# [Exercise aim]
Nothing but the text of the listing, repeated exactly, belongs in the answer; leave the images out.

[[ Raw data, beginning ]]

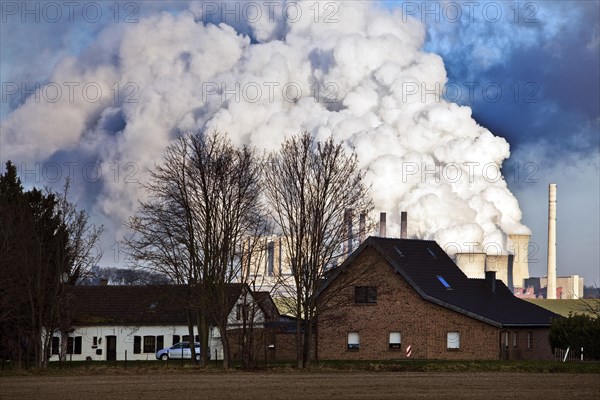 Residential building at Rather Muehle in front of Neurath lignite-fired power plant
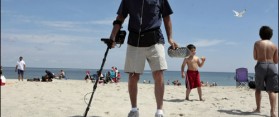 Using a metal detector at the beach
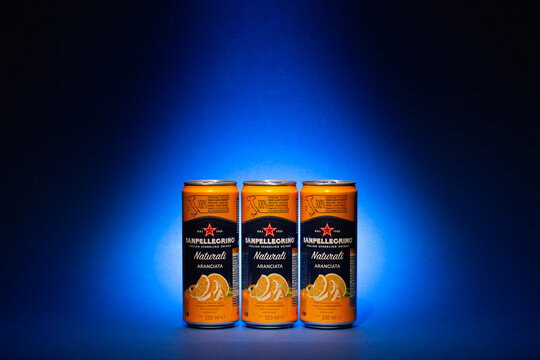 Three cans San Pellegrino Orange fruit mineral waters on the blue background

[[ Raw data, end ]]

# [Task output]
 Residential building at Rather Muehle in front of Neurath lignite-fired power plant
 Using a metal detector at the beach
 Three cans San Pellegrino Orange fruit mineral waters on the blue background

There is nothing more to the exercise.